If you're a CIO, you should be taking Hadoop seriously. A technology that few people knew about five years ago is now poised to be a major player in enterprise architectures.
For all the buzz around Hadoop, most traditional data warehouse users are still becoming aware of the possibilities of the new technology. Many continue to pigeon-hole Hadoop as only useful for web companies, or for manipulating "polystructured" data before putting it into a data warehouse.
The reality is that Hadoop is an incredible opportunity for most enterprises, both large and small.
For example, at the Hadoop Summit in Europe, Alasdair Anderson, Global Head of Architecture for HSBC Global Banking and Markets, gave a presentation on the theme of "Enterprise Integration of Disruptive Technologies."
The bank needed a single data platform that could provide 360-degree views of clients, operations and products. To provide this, the team had been struggling with a complex, "brittle" architecture based on over 150 source systems, 900 ETL jobs, 3 data warehouses, and 15 data marts.
The resulting system was expensive, and too slow to meet the business needs: it took months or years to make changes. The team concluded that they needed a different way of doing things, one that would support more agile, parallel streams of development, without being disruptive.

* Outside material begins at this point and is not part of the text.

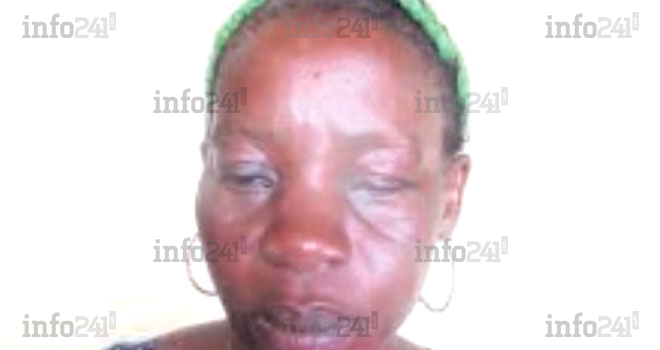 Oyem : Battue par son compagnon violent, une gabonaise perd l’usage de son œil gauche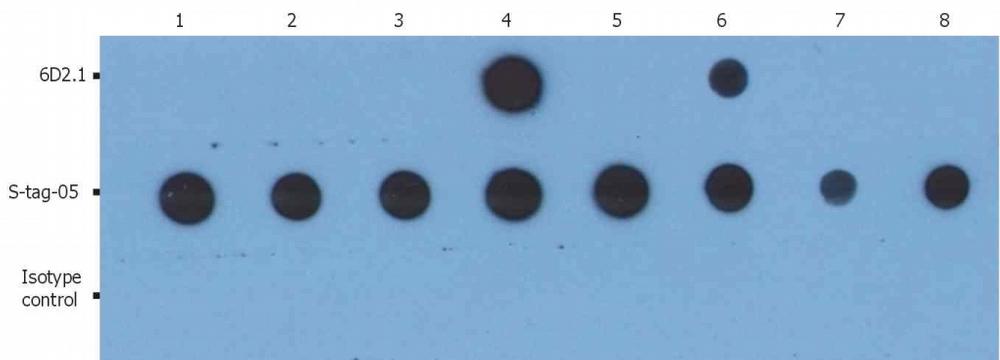 Anti-PKAc Monoclonal Antibody (Clone:6D2.1)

HSBC decided to try using Hadoop, with the work done in Gaungzhou, China. The project was a big success:
- Hadoop was installed and operational in a single week
- The 18 RDBMS data warehouses and marts were ported to Hadoop in 4 weeks
- The time it took to run an existing batch job dropped from 3 hours to 10 minutes
- New data sources could be included, such as information about financial derivatives stored in .pdf format.
Some Hadoop proponents assume that it's just a question of time before Hadoop gains the extra features that would enable it to take over all enterprise needs. But Anderson was careful to point out that the analytics needs of the project were different from more traditional data warehousing.
The focus of the project was fast-moving, "agile information" typically requiring several different iterations of analysis -- and he explained that other parts of the business such as the retail banking division might not have the same needs.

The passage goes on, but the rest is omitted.